(Data excerpt Opens)

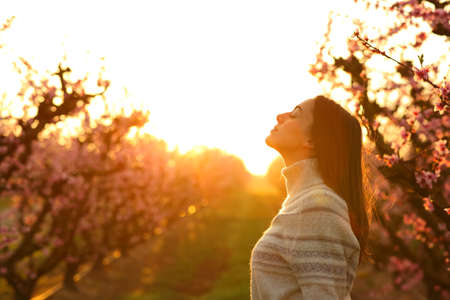 Side view portrait of a relaxed woman wearing sweater breathing fresh air at sunrise in a field in springの写真素材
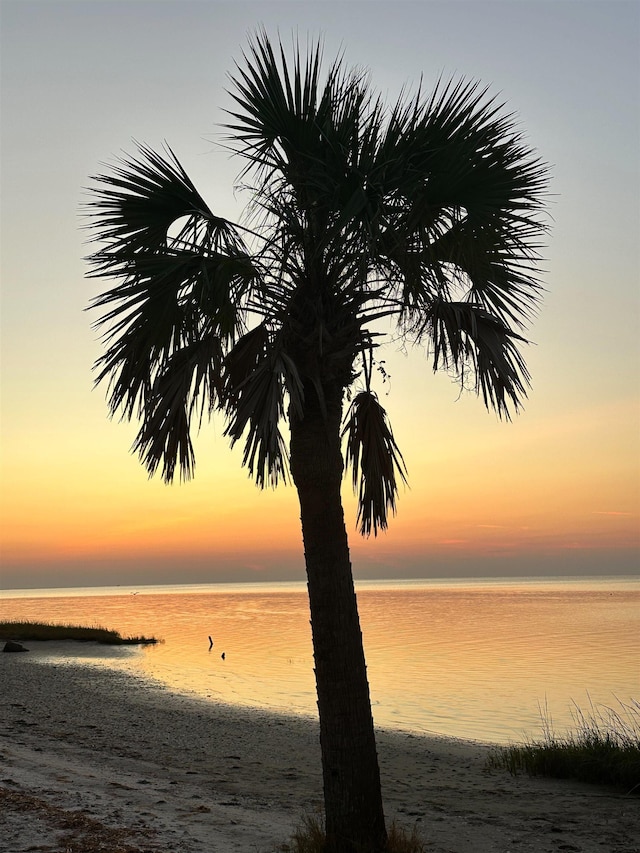71 Royster Dr, Crawfordville, FL 32327 - water view featuring nearby beach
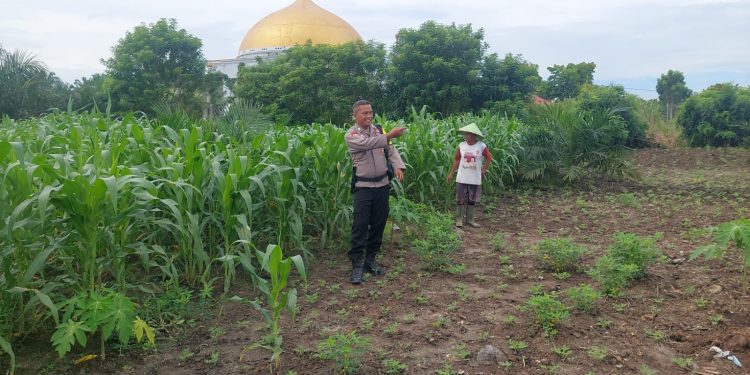 BHABINKAMTIBMAS DESA PELAMBAIAN LAKUKAN PENGECEKAN TANAMAN JAGUNG DUKUNG PROGRAM SWASEMBADA PANGAN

(Data excerpt Closes)

▸ **Task description**
Only the listing above, set down exactly and without pictures, belongs in the answer.

▸ **Task output**
 Side view portrait of a relaxed woman wearing sweater breathing fresh air at sunrise in a field in springの写真素材
71 Royster Dr, Crawfordville, FL 32327 - water view featuring nearby beach
 BHABINKAMTIBMAS DESA PELAMBAIAN LAKUKAN PENGECEKAN TANAMAN JAGUNG DUKUNG PROGRAM SWASEMBADA PANGAN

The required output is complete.